[Stored data]
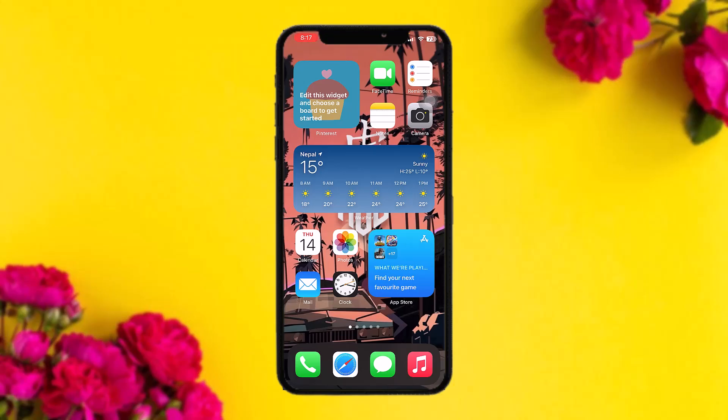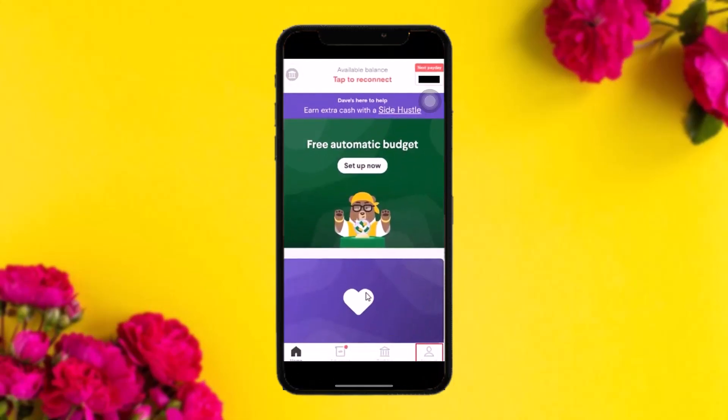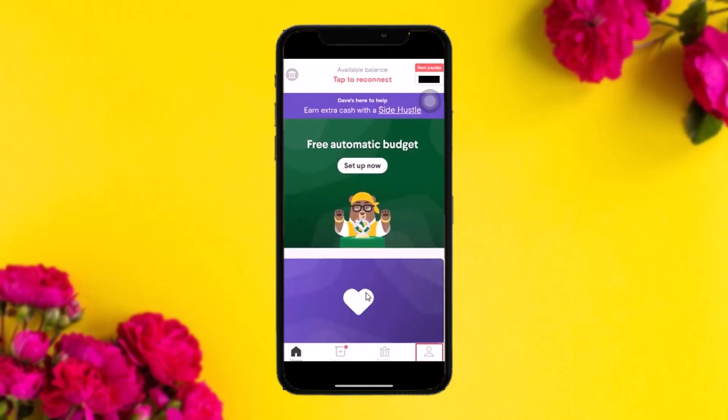The first thing you need to do is open up your Dave app. Once you're inside, make sure you're logged into your account. Then tap on the profile icon or the account icon on the bottom right corner of the screen.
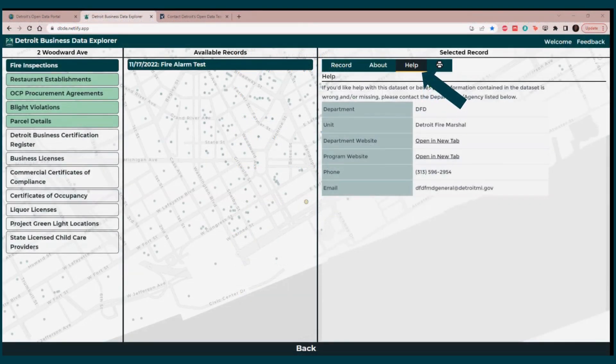As a reminder, you can find the Help button on the screen where details of the available datasets for a specific business are located.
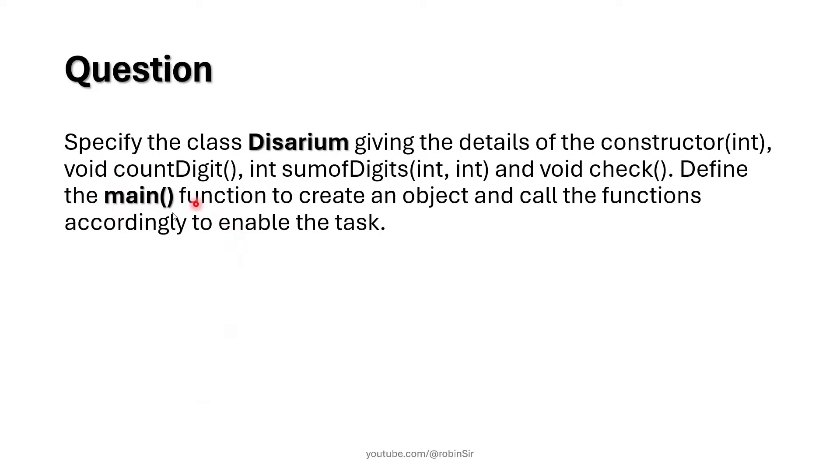We also need to create the main function to create an object and call the functions accordingly to enable the task. So that's the question. Let's start writing the program.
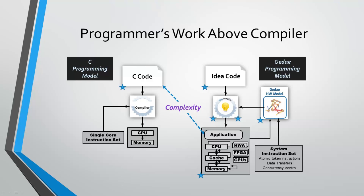Hi, I'm Bill Lundgren from G-Day. In this demonstration I'm going to illustrate how you can, from a high-level abstract implementation in code, have a compiler, the IDEA compiler shown here, create the complexity of an application that's running on first an Intel quad-core processor and then secondly on an 8-core TI DSP.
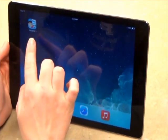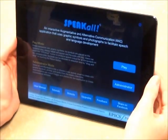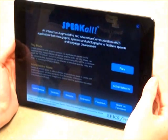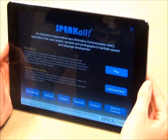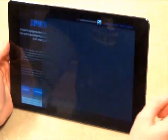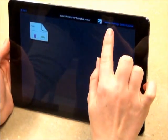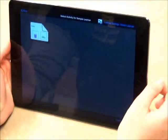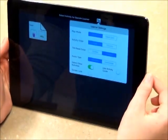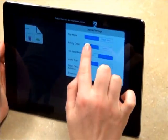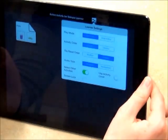This is the Speak All app. Tap to open it. First, I will show you how to customize learner settings for individual learner profiles. Tap Play. The learner settings may be accessed here and then also in administrator mode. The first learner setting is play mode.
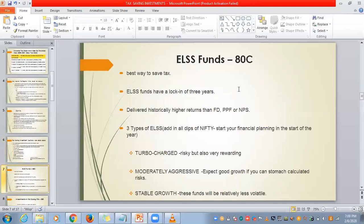Next, ELSS funds — Equity Linked Saving Scheme. This is the best way to save tax. It has a lock-in of 3 years. It has historically delivered higher returns than FD, PPF, or NPS because they are investing in share markets. The financial planning must be done at the start of the year and not at the end, because whenever you see the Nifty fall, you can invest in ELSS and get more units for a lesser amount. If you invest at the end of the year, you will not benefit as much.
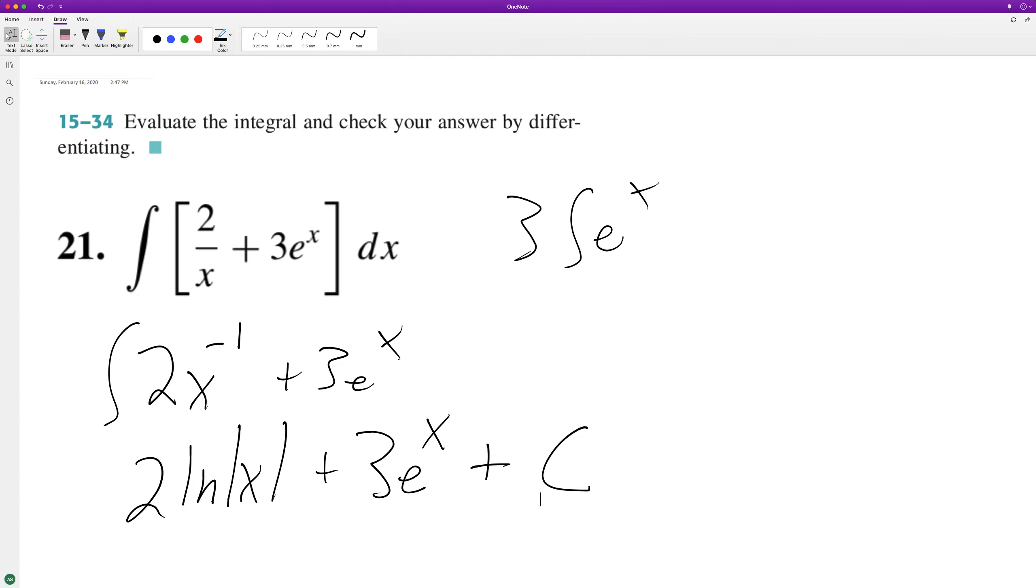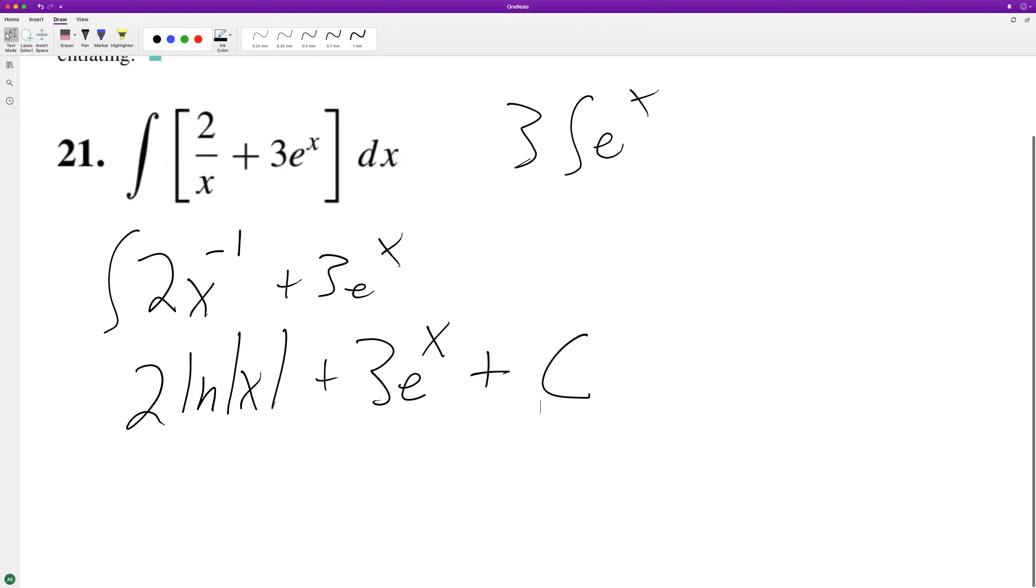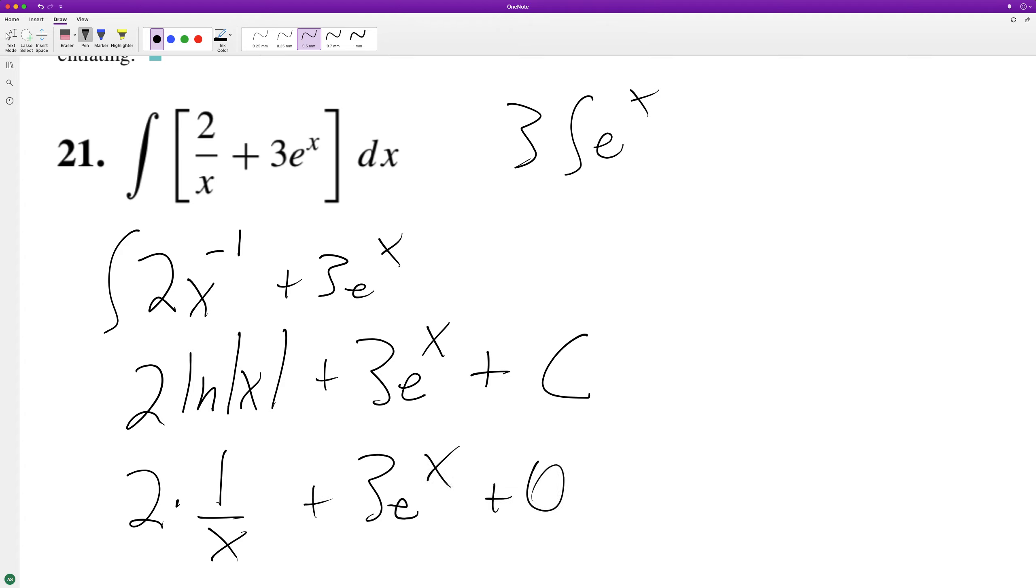All right, so just checking it really quick by differentiating, we get 2 times 1 over x, plus 3e raised to the x, plus 0, because the derivative of the constant c is 0.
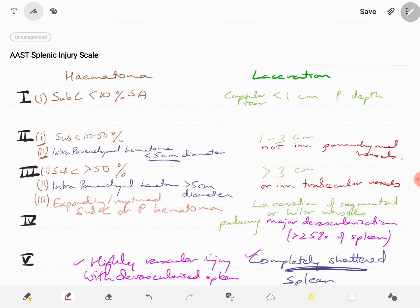Let's review the complete splenic injury scale. Grade 1 splenic injury is a subcapsular hematoma of less than 10% surface area and/or a laceration that is a subcapsular tear of less than 1 centimeter parenchymal depth. Grade 2 is a subcapsular hematoma of 10 to 50% surface area or an intraparenchymal hematoma less than 5 centimeters in diameter and/or a laceration of 1 to 3 centimeters parenchymal depth but not involving the parenchymal vessels.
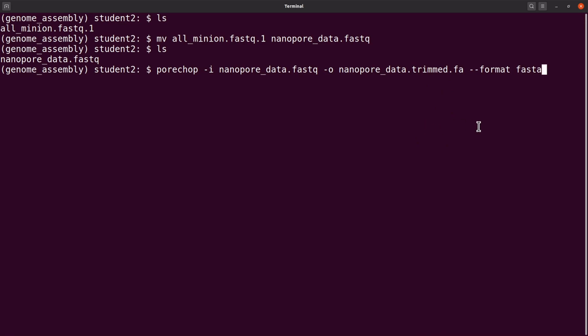That would be the appropriate way to convert the data after it has trimmed to a FASTA file. Now let's add threads — let's say 10. This allows the work to be split into smaller chunks and assigned to different CPUs on your computer, making it faster.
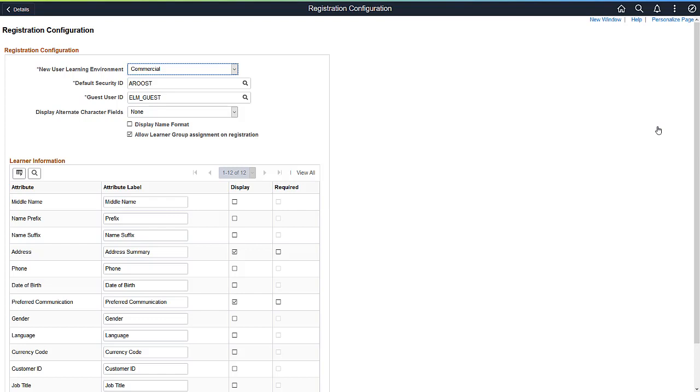The administrator decides what information to collect, as well as determining the learning environment and learner group auto-inclusion. The learner receives a welcome email once the registration is complete. Once a learner is registered, they can log in and search for learning based on their learner groups.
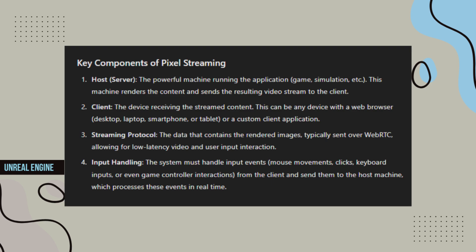Input Handling - The system must handle input events, mouse movements, clicks, keyboard inputs, or even game controller interactions from the client and send them to the host machine, which processes these events in real-time.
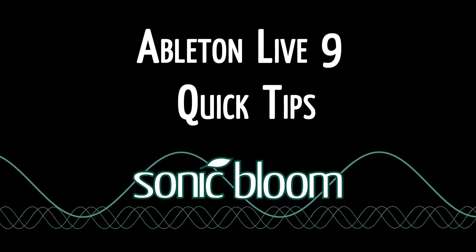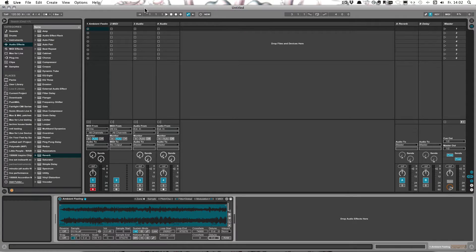Hello and welcome to another episode of the Ableton Live 9 Quick Tips. This time I have a little shortcut for you to improve your workflow some more.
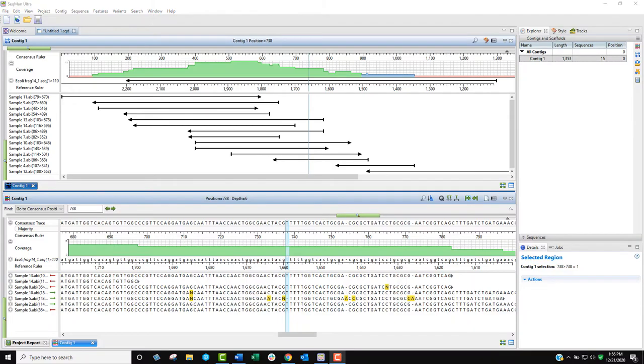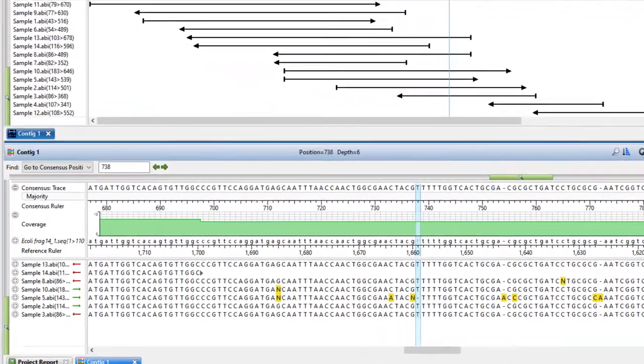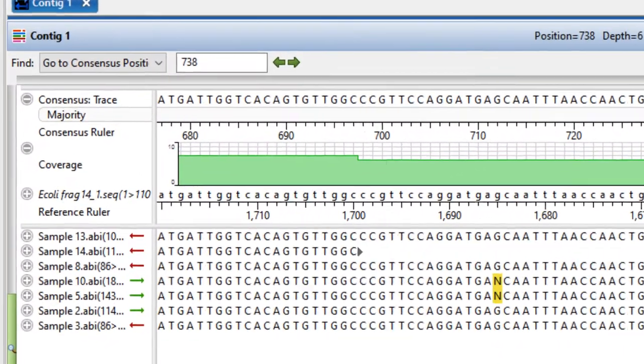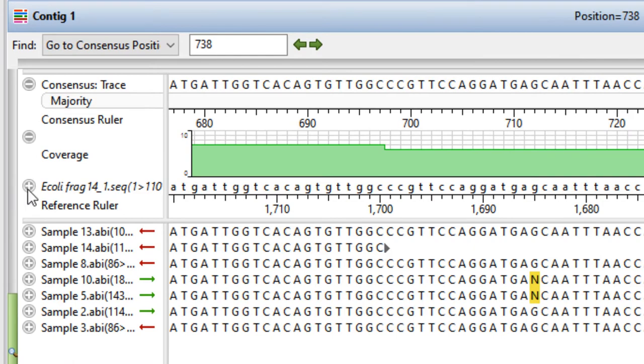To see reference sequence annotations, click the plus sign to the left of the reference sequence in either view.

▶ WORK REQUEST: The result should be a word-for-word restatement of all the data, without images.

▶ OUTPUT:
The first thing you need to do is open up your Dave app. Once you're inside, make sure you're logged into your account. Then tap on the profile icon or the account icon on the bottom right corner of the screen.
As a reminder, you can find the Help button on the screen where details of the available datasets for a specific business are located.
We also need to create the main function to create an object and call the functions accordingly to enable the task. So that's the question. Let's start writing the program.
Hi, I'm Bill Lundgren from G-Day. In this demonstration I'm going to illustrate how you can, from a high-level abstract implementation in code, have a compiler, the IDEA compiler shown here, create the complexity of an application that's running on first an Intel quad-core processor and then secondly on an 8-core TI DSP.
This is the Speak All app. Tap to open it. First, I will show you how to customize learner settings for individual learner profiles. Tap Play. The learner settings may be accessed here and then also in administrator mode. The first learner setting is play mode.
Next, ELSS funds — Equity Linked Saving Scheme. This is the best way to save tax. It has a lock-in of 3 years. It has historically delivered higher returns than FD, PPF, or NPS because they are investing in share markets. The financial planning must be done at the start of the year and not at the end, because whenever you see the Nifty fall, you can invest in ELSS and get more units for a lesser amount. If you invest at the end of the year, you will not benefit as much.
All right, so just checking it really quick by differentiating, we get 2 times 1 over x, plus 3e raised to the x, plus 0, because the derivative of the constant c is 0.
Let's review the complete splenic injury scale. Grade 1 splenic injury is a subcapsular hematoma of less than 10% surface area and/or a laceration that is a subcapsular tear of less than 1 centimeter parenchymal depth. Grade 2 is a subcapsular hematoma of 10 to 50% surface area or an intraparenchymal hematoma less than 5 centimeters in diameter and/or a laceration of 1 to 3 centimeters parenchymal depth but not involving the parenchymal vessels.
That would be the appropriate way to convert the data after it has trimmed to a FASTA file. Now let's add threads — let's say 10. This allows the work to be split into smaller chunks and assigned to different CPUs on your computer, making it faster.
The administrator decides what information to collect, as well as determining the learning environment and learner group auto-inclusion. The learner receives a welcome email once the registration is complete. Once a learner is registered, they can log in and search for learning based on their learner groups.
Input Handling - The system must handle input events, mouse movements, clicks, keyboard inputs, or even game controller interactions from the client and send them to the host machine, which processes these events in real-time.
Hello and welcome to another episode of the Ableton Live 9 Quick Tips. This time I have a little shortcut for you to improve your workflow some more.
To see reference sequence annotations, click the plus sign to the left of the reference sequence in either view.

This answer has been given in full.